La thématique sonore se retrouve dans l’association de Gorgô avec certains instruments de musique capables de produire un effet d’épouvante sur leurs auditeurs. Ainsi, l’art de la flûte (à la fois l’instrument, la façon de s’en servir et la mélodie qu’on en tire) a été inventé par Athéna pour simuler les sons des Gorgones. Mais la déesse rejeta l’instrument qui l’enlaidissait et la faisait ressembler à Méduse et ses sœurs. Le satyre Marsyas s’en empara et prétendit ensuite rivaliser avec la lyre d’Apollon. Ces récits nous apprennent que les sonorités de la flûte sont étrangères à la parole humaine (à la différence de la lyre qui permet l’accompagnement par le chant). De plus, le visage aux joues gonflées du flûtiste évoque le masque de Gorgô. La flûte est aussi l’instrument associé au délire, à la transe et à la possession, celle de Dionysos, mais aussi la rage furieuse du «bacchant d’Hadès» évoquée par Euripide. La terreur qui agite ainsi le possédé, qui le fait danser sur l’horrible mélodie de la flûte, remonte directement du monde infernal : elle s’assimile à la puissance d’un trépassé ou d’un démon vengeur.
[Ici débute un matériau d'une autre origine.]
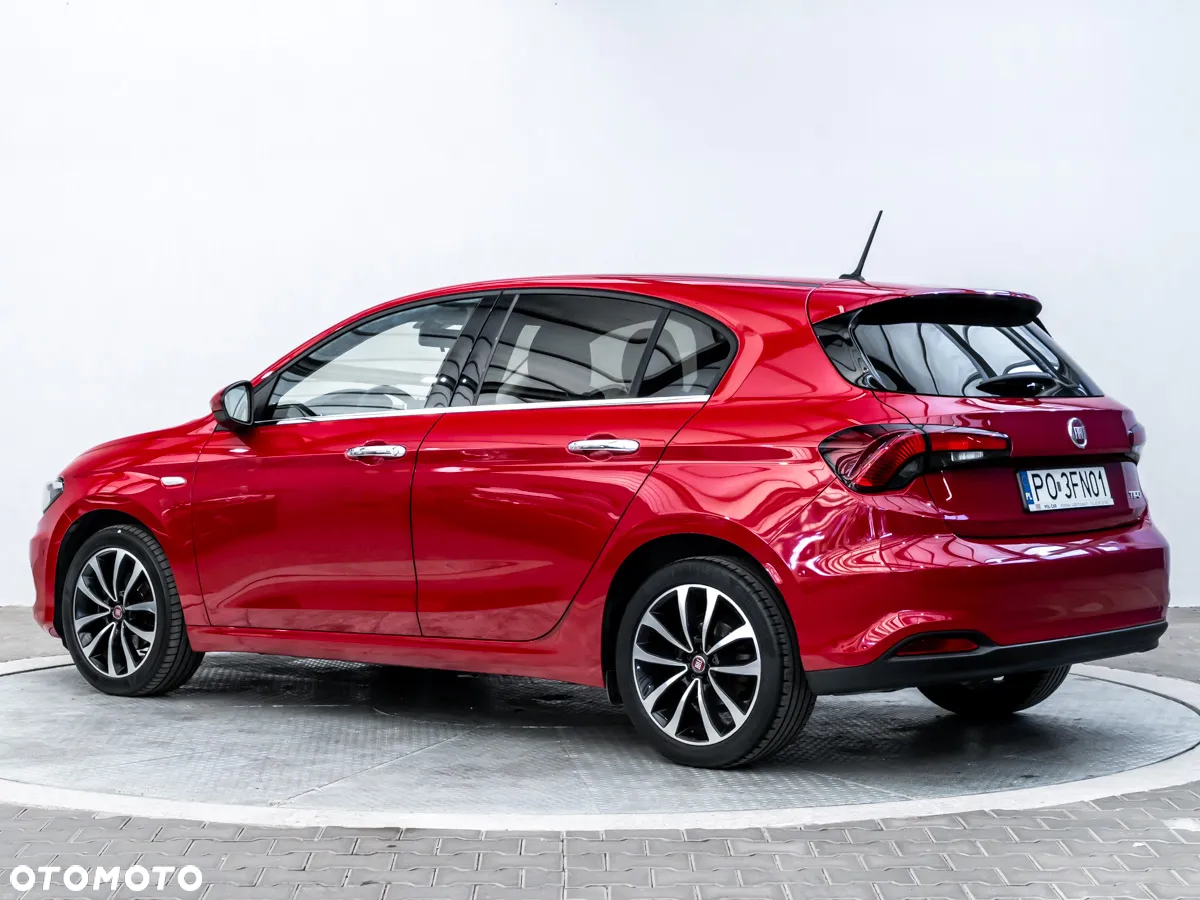 Fiat Tipo 1.4 T-Jet 16v Lounge EU6 - 4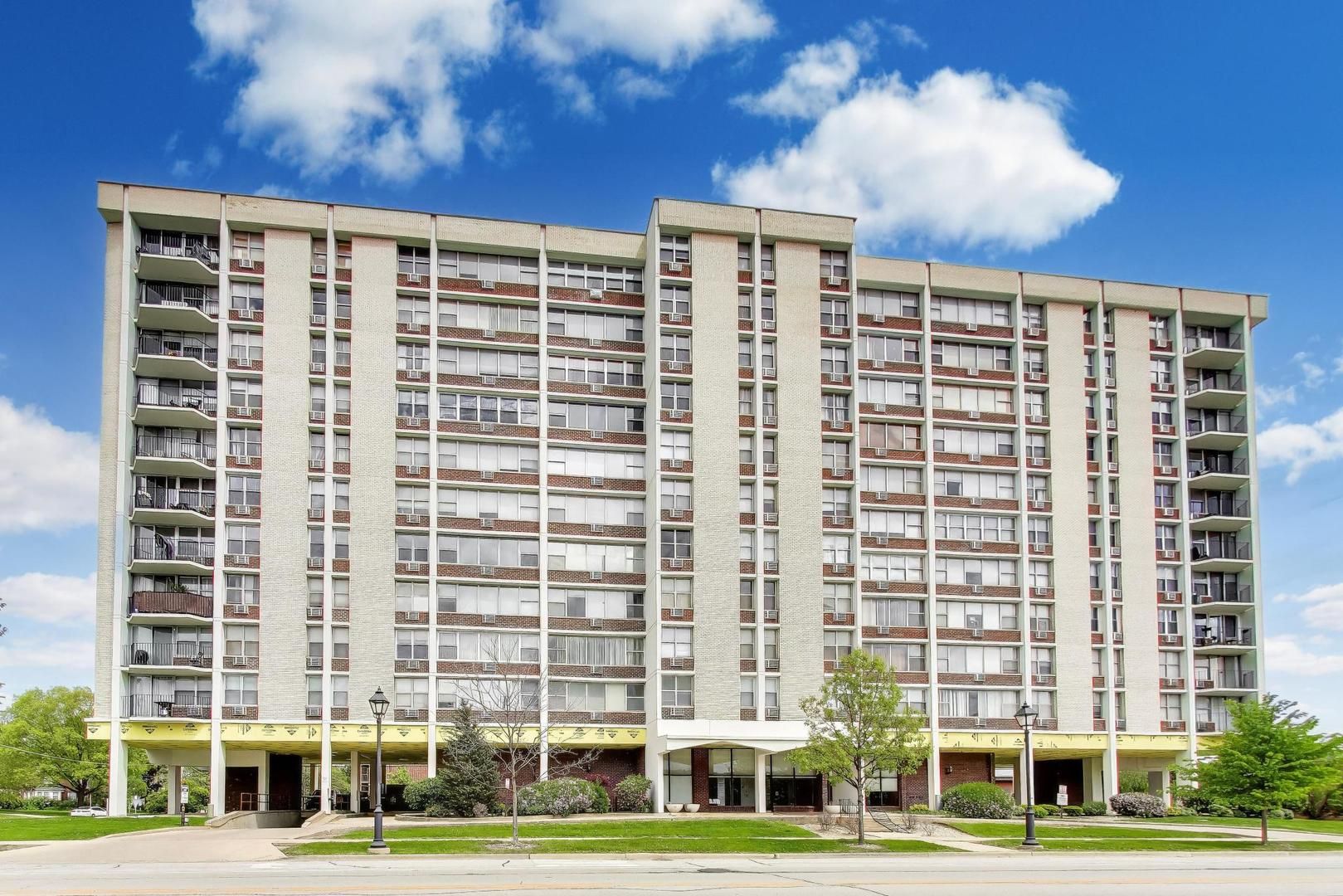 33 N Main Street #5B — Lombard, IL 60148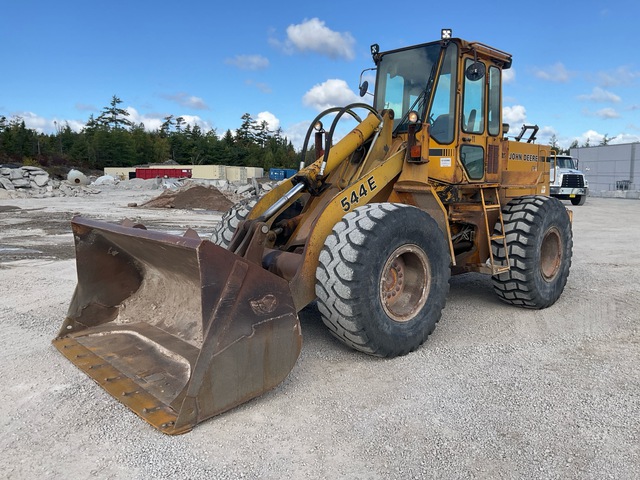 1989 John Deere 544E Wheel Loader
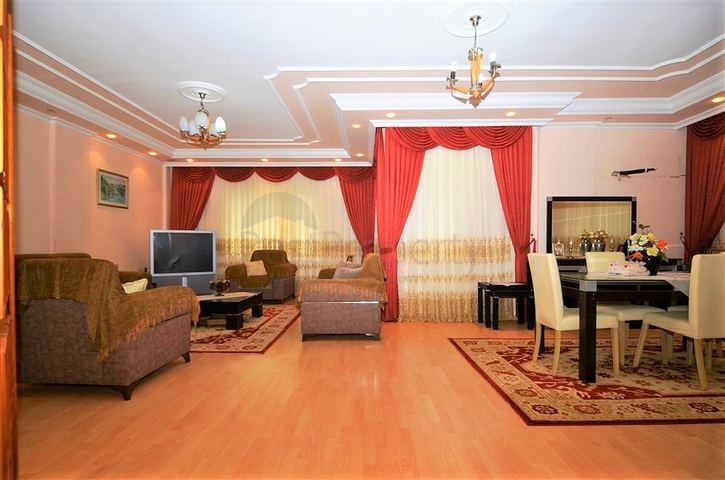 Большая вилла в шаговой доступности от моря в Кестеле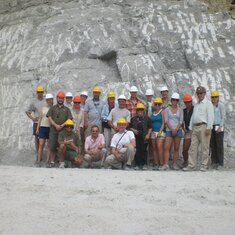 Exploration Seminar 2008 group at the Calatafimi gypsum quarry 
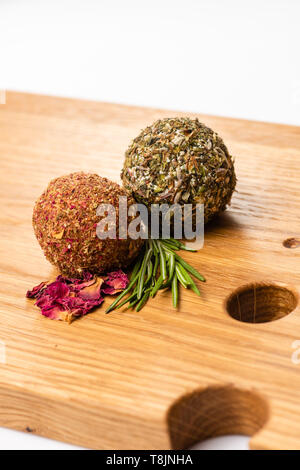 In der Nähe von zwei Weichen Käse Kugeln labne mit Gewürzen auf Holzbrett. Stockfoto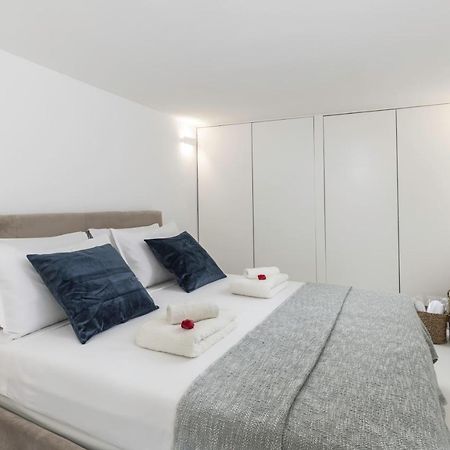 Casa Vacanze Nel Cuore Di Cagliari Bagian luar foto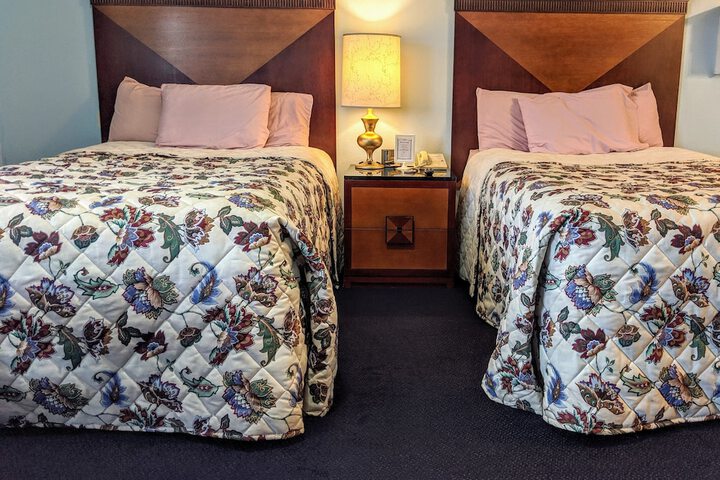 Room 15 of 26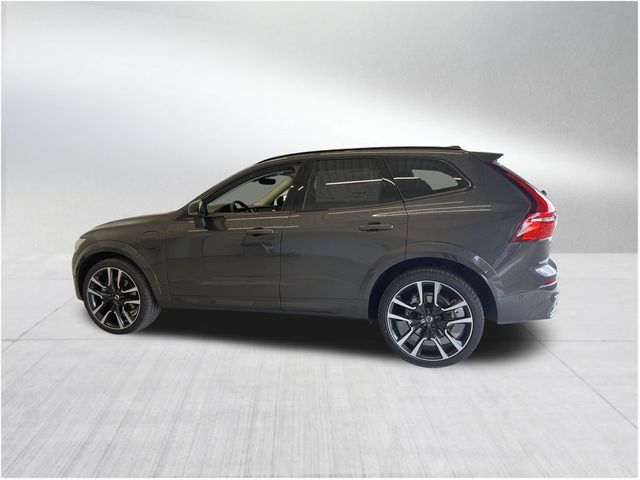 2024 Volvo XC60 Recharge Plug-In Hybrid Ultimate Dark Theme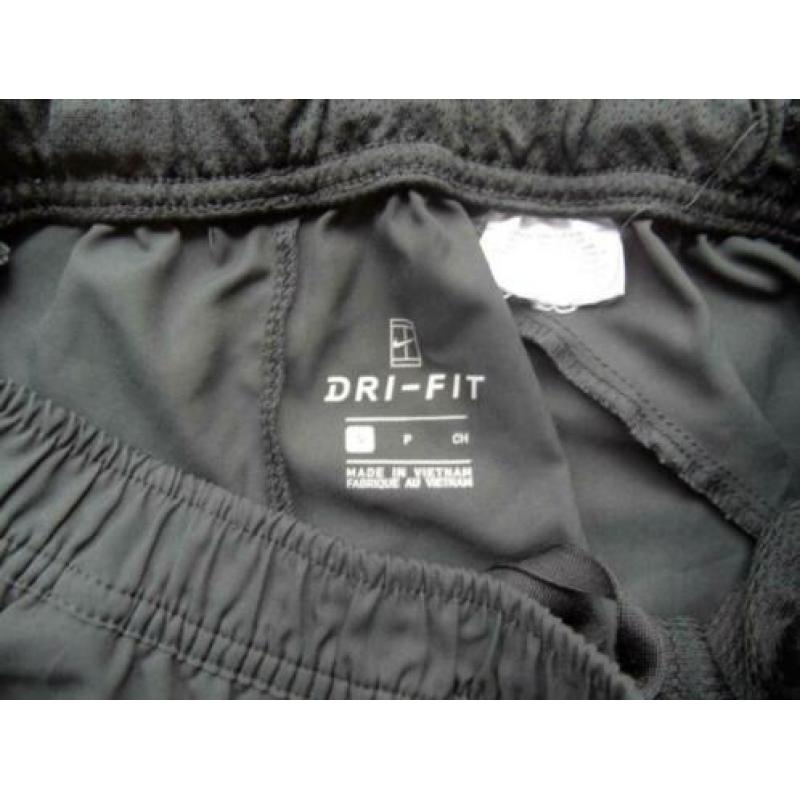 Zwarte Nike korte sport broek maat S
Si Méduse ou Gorgô ne fait l’objet d’aucun culte, il existe dans la religion grecque des puissances redoutables qui lui sont apparentées, les déesses-têtes Praxidikai. Ces divinités ont la charge d’exécuter les vengeances et de garantir le serment. Comme pour Gorgô, il peut parfois s’agir d’une puissance unique, Praxidikè, assimilée à Perséphone et appelée «mère des Euménides». A Haliarte en Béotie, il y avait près de la source Tilphousa un sanctuaire des Praxidikai où l’on ne pouvait prêter serment qu’après s’être assuré de sa parfaite pureté religieuse, sous peine d’être livré à une crise furieuse d’épouvante.

Dans le masque de Gorgô, dans cette étrange tête isolée, les classifications usuelles (entre féminin et masculin, jeune et vieux, beau et laid, humain et bestial, céleste et infernal…) apparaissent brouillées. Un mélange inquiétant s’opère ainsi, analogue à celui que Dionysos réalise vers la communion d’un âge d’or, et vers l’union à la divinité. Mais avec Gorgô ce désordre se fait par l’horreur et l’effroi, dans la confusion de la Nuit, et surtout dans la Mort. Le monstrueux dont il est ici question ne peut être abordé que de face. Voir la Gorgone, c’est être pétrifié par son regard et cesser d’être soi-même, c’est passer du statut d’être vivant à celui de puissance de mort, devenir aussi inerte que la pierre ; c’est, en définitive, affronter l’altérité radicale de la mort.

L’analyse de Vernant, et le dialogue avec Pierre Kahn à la fin du livre le souligne sans ambiguïté, est fort éloignée et même très critique par rapport à l’analyse psychanalytique, qui décèle par exemple dans la décapitation de Méduse un complexe de castration. Vernant se méfie des généralisations de la psychanalyse, qui ne tiennent pas compte de la relativité des phénomènes culturels dans le temps et dans l’espace. Il se garde ainsi de toute forme d’interprétation symbolique immédiate et universelle. Si l’auteur reconnaît qu’il appartient à une époque et à une culture que la psychanalyse a marquées, il ne croit pas pour autant qu’elle puisse proposer un modèle d’interprétation à valeur générale qu’il s’agirait simplement d’appliquer à tel ou tel contexte.